(Work instruction): Transcribe exactly, and only, the lines running from the one with "ラッフィ スリール(Raffee sourire)/シェルネイル" to the end of the entries below, both included, without any pictures.

(Material provided):
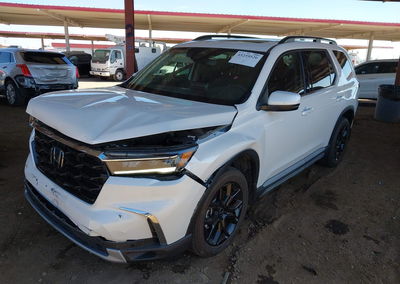 2025 Honda Pilot Touring, Front End damage, Iaai lot 45259520, photo 2 of 16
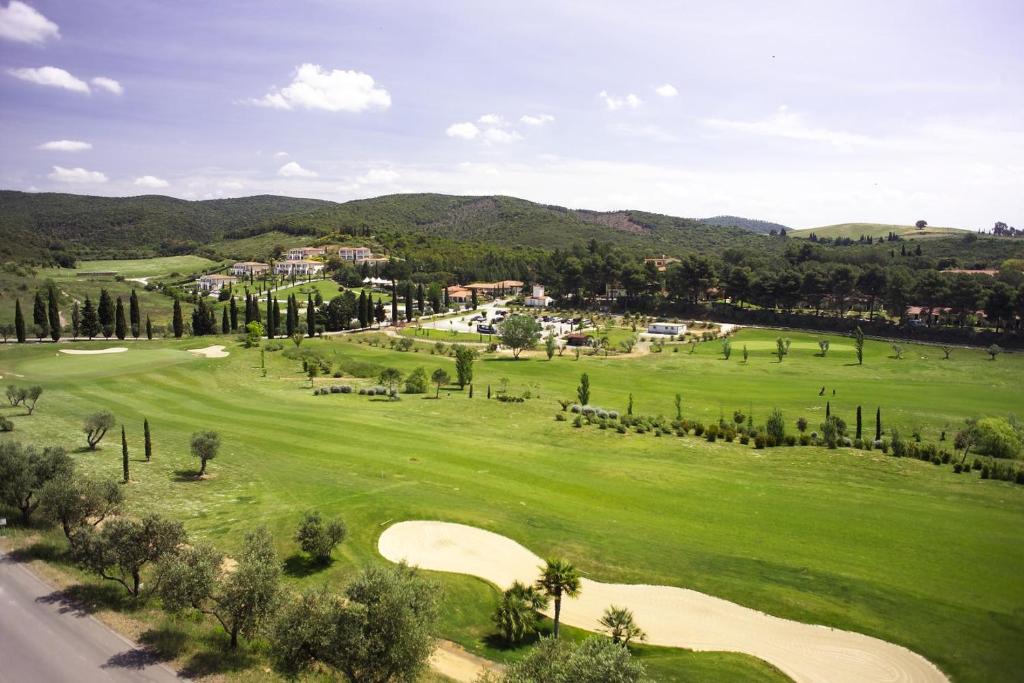 加沃拉诺Il Pelagone Hotel & Golf Resort Toscana的高尔夫球场空中景观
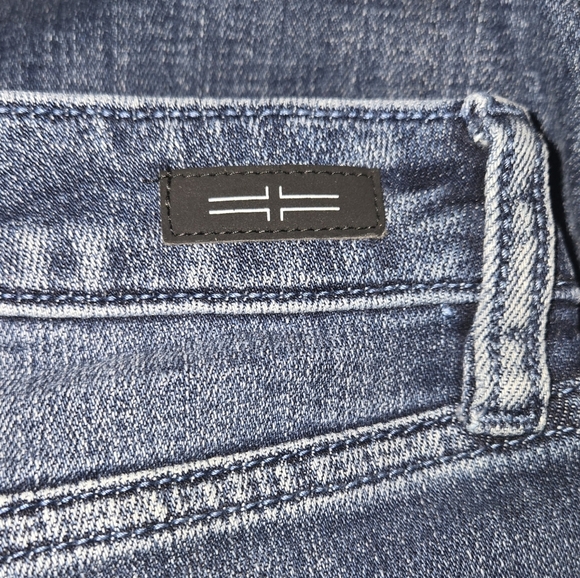 Liverpool Jeans Flared Distressed High Rise Crop Blue Denim Women's 12/31 - Picture 5 of 6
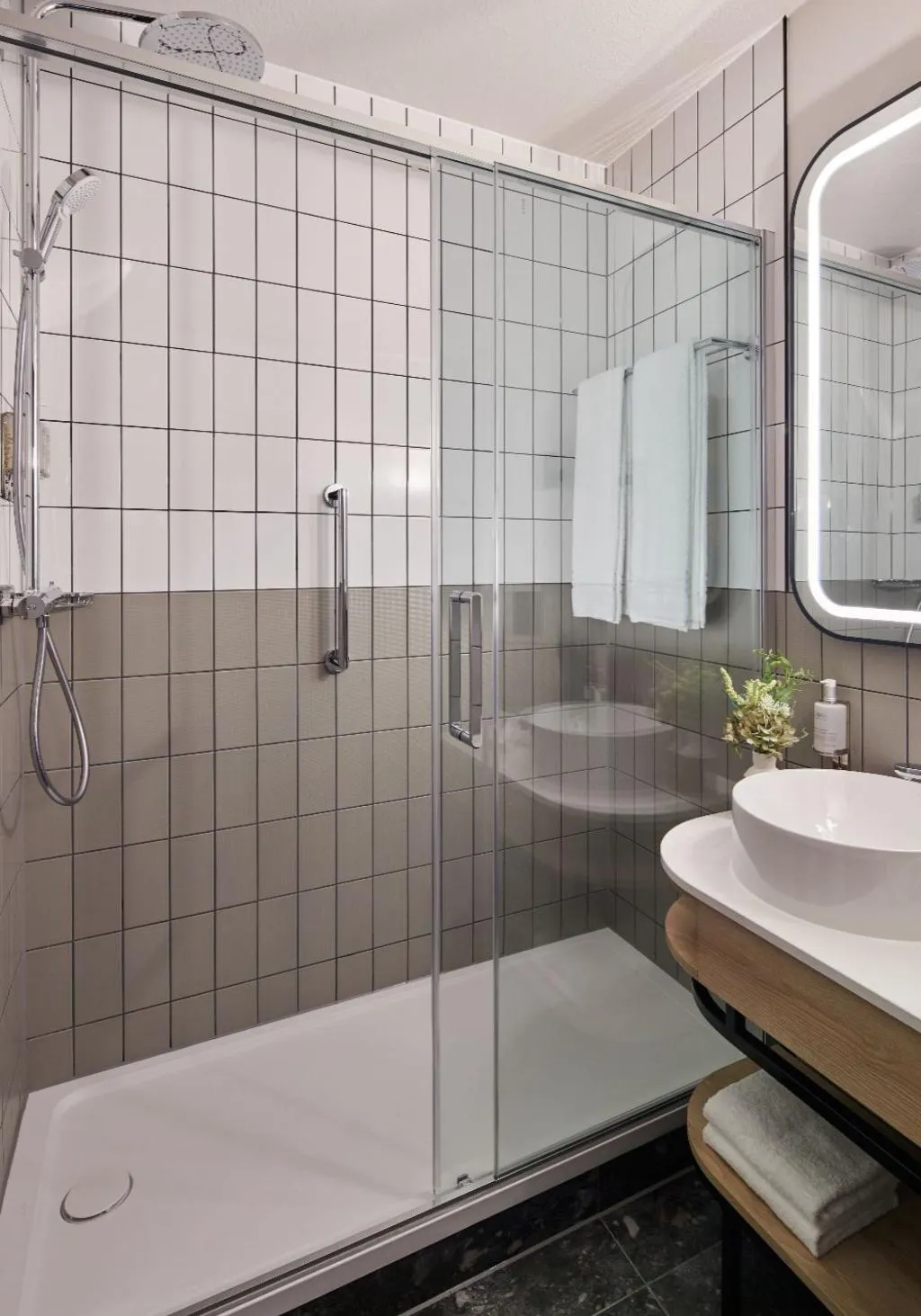 TRIPLE SUPERIOR Room, Leonardo Hotel Dublin Parnell Street, Dublin
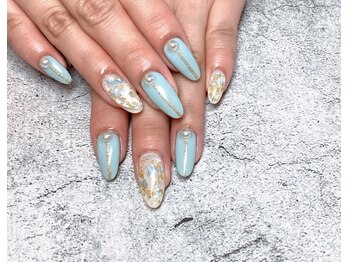 ラッフィ スリール(Raffee sourire)/シェルネイル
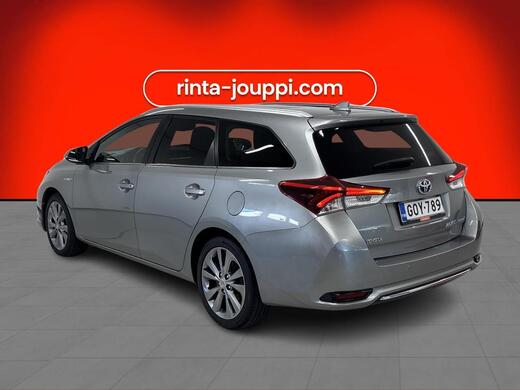 Toyota Auris vaihtoauto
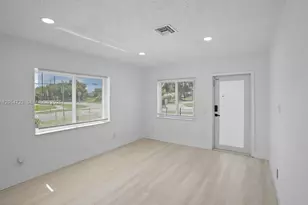 801 NW 105th St, Miami, FL 33150 - Photo 20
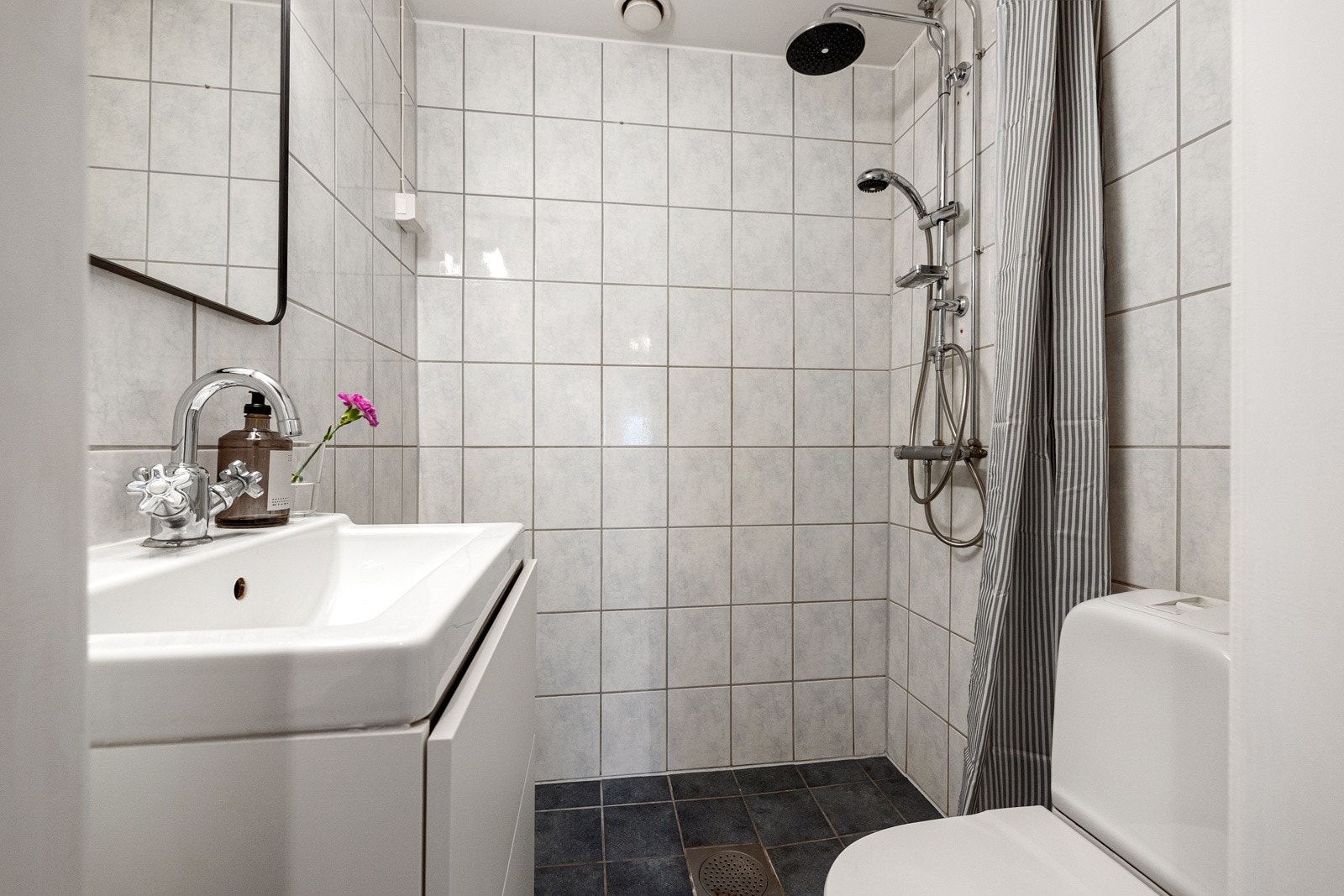 Badet ble rehabilitert i borettslagets regi, i 2005. Det er elektrisk varme i gulv, samt plass og opplegg til vaskemaskin i hjørnet. Galleribilde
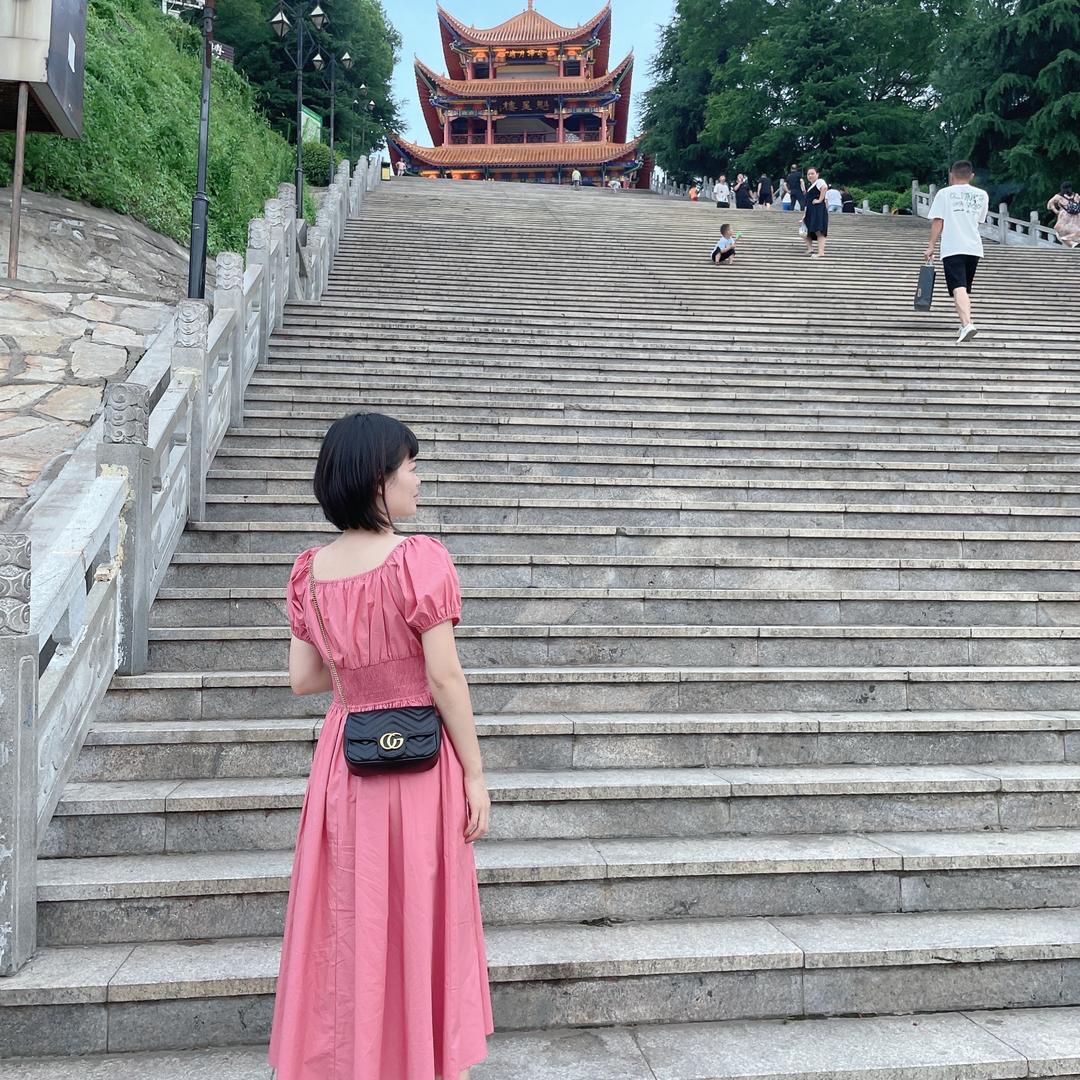 不发脾气只发财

(Solution for this problem):
 ラッフィ スリール(Raffee sourire)/シェルネイル
 Toyota Auris vaihtoauto
 801 NW 105th St, Miami, FL 33150 - Photo 20
 Badet ble rehabilitert i borettslagets regi, i 2005. Det er elektrisk varme i gulv, samt plass og opplegg til vaskemaskin i hjørnet. Galleribilde
 不发脾气只发财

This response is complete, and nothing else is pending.